Van jongs af aan kregen Marieke en Nils (zus en broer), geboren en getogen in een melkveehoudersgezin in het Groene Hart, mee hoe belangrijk het is om continu te blijven ontwikkelen. Bij de pakken neer gaan zitten bij een slechte weersvoorspelling op de dag dat het hooi van het land moest worden gehaald? Dat was er bij hun thuis niet bij. Het beste maken van elke uitdaging die op je pad komt, was eerder het devies. Wat je daar vooral voor nodig hebt? Veerkracht. ‘Het is belangrijk dat je je niet star opstelt en vastklampt aan een situatie, maar met de stroom meegaat en roeit met de riemen die je hebt’, zegt Marieke.
Nog een belangrijk aspect van continue ontwikkeling is om deel te nemen aan het publieke debat. Marieke en Nils leerden dat van hun vader, die actief was in de lokale politiek. Hun eigen perspectief laten horen, en ook de perspectieven van anderen leren kennen, dat is een groot goed, werd ze geleerd.
Jong geleerd, oud gedaan
Dus toen Nils in 2008 het boerenbedrijf overnam, trad hij in de voetsporen van zijn vader – zowel op het erf als daarbuiten. ‘Ik ben honderd procent boer’, zegt Nils. ‘Ik hou van wat ik doe. Maar als ik op mijn erf blijf, blijft mijn wereldbeeld beperkt. Voor mijn persoonlijke ontwikkeling moet ik de wereld in.’
Zijn eerste stappen leidden hem naar de lokale tak van de NAJK, onderdeel van een landelijke organisatie die de belangen van jonge boeren vertegenwoordigt. Nils leerde daar de waarde van de open dialoog en hoe dat helpt bij het vertegenwoordigen van de zuivelsector in het publieke debat. Vanaf dat moment bleef het balletje rollen.
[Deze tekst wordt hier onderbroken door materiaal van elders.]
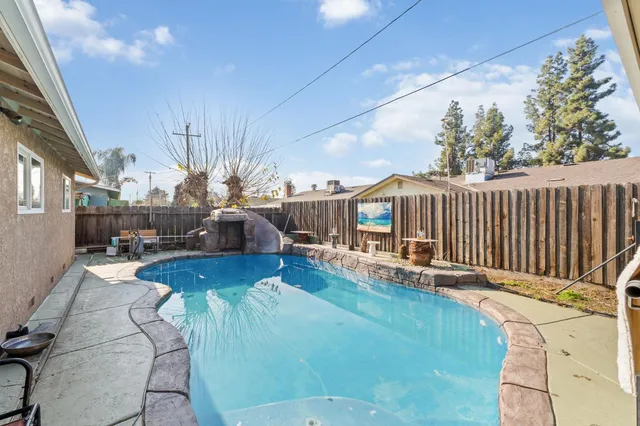 a living room with furniture floor to ceiling window and wooden floor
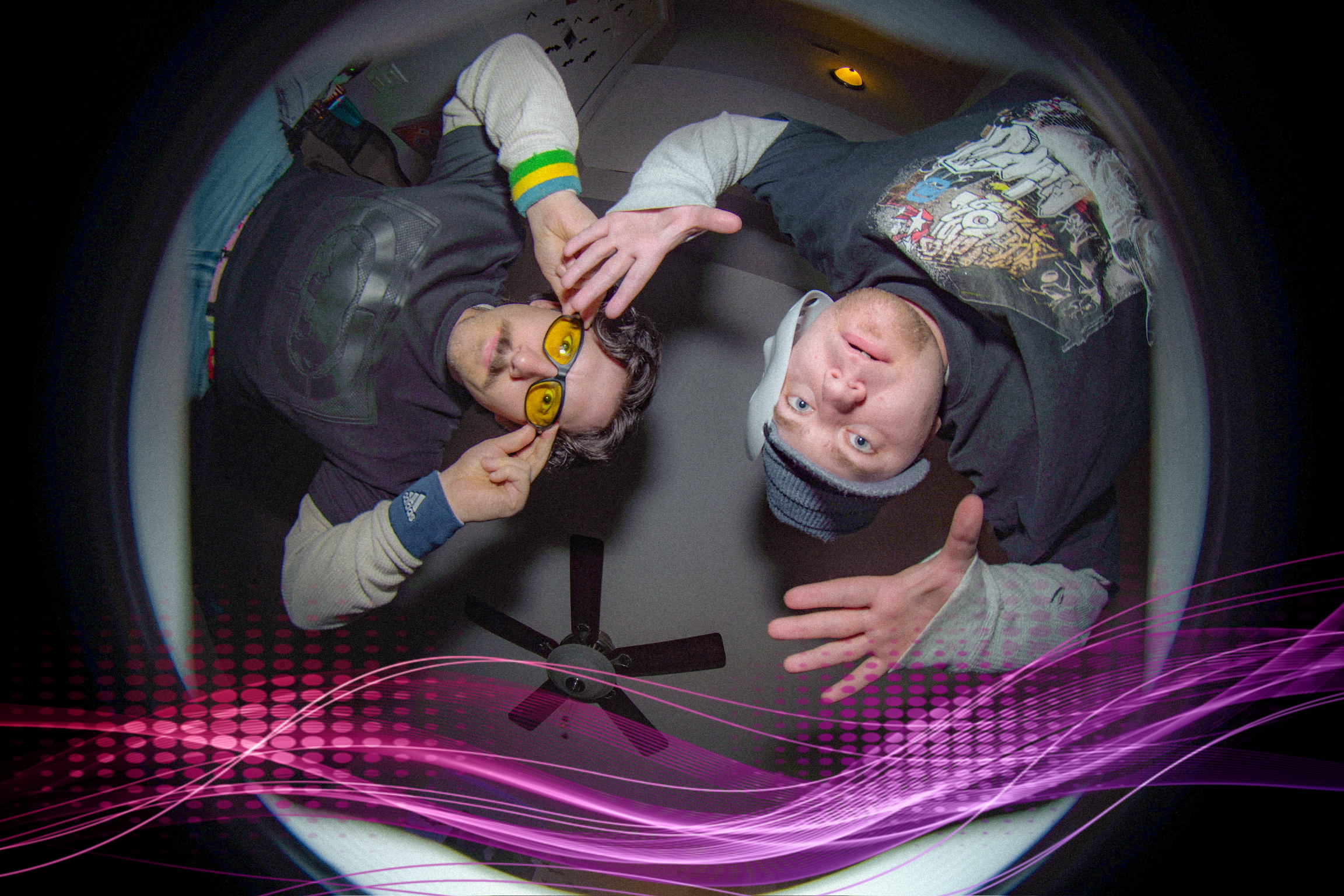 Two young men lying on the floor and looking up at the camera through a fisheye lens, with a pink digital wave pattern overlay at the bottom of the image.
‘Naast het feit dat ik me op persoonlijk vlak ontwikkel, zie ik het ook als mijn verantwoordelijkheid om mee te doen aan het debat over onze producten en onze productiemethoden. Ik wil bijdragen aan het imago van onze sector – nu en in de toekomst. En eerlijk gezegd vind ik dat niet alleen míjn verantwoordelijkheid, maar die van de hele sector.’
Zus Marieke verliet ook het erf. Zij ging alleen ietsje verder (en langer) weg, om Commerciële Economie en Rurale Sociologie te gaan studeren. Ze kreeg een baan bij een groot bedrijf in de lucht- en ruimtevaart. Toch bleef ze geïnteresseerd in plattelandsontwikkeling en miste ze de ‘keukentafel-dynamiek’ die je alleen vindt bij de boer thuis.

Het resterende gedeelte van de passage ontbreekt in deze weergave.